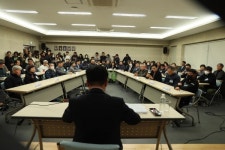 [포토] 김병수 김포시장, 운양동서 두번째 테마가 있는 소통광장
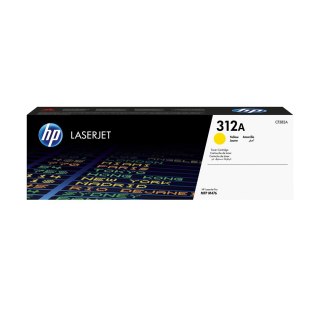 Hewlett-Packard HP Wkład LaserJet 312A z żółtym tonerem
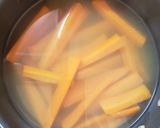 Foto del paso 1 de la receta: Tortitas de zanahoria🥕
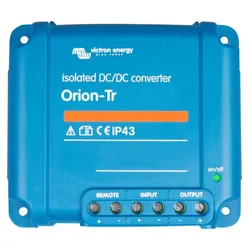 Orion-tr 48/24-16a 380w Converter Black One Size unisex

Goal of the exercise: Your output must reproduce the material above in full, with no pictures.

Task result:
 [포토] 김병수 김포시장, 운양동서 두번째 테마가 있는 소통광장
 Hewlett-Packard HP Wkład LaserJet 312A z żółtym tonerem
 Foto del paso 1 de la receta: Tortitas de zanahoria🥕
 Orion-tr 48/24-16a 380w Converter Black One Size unisex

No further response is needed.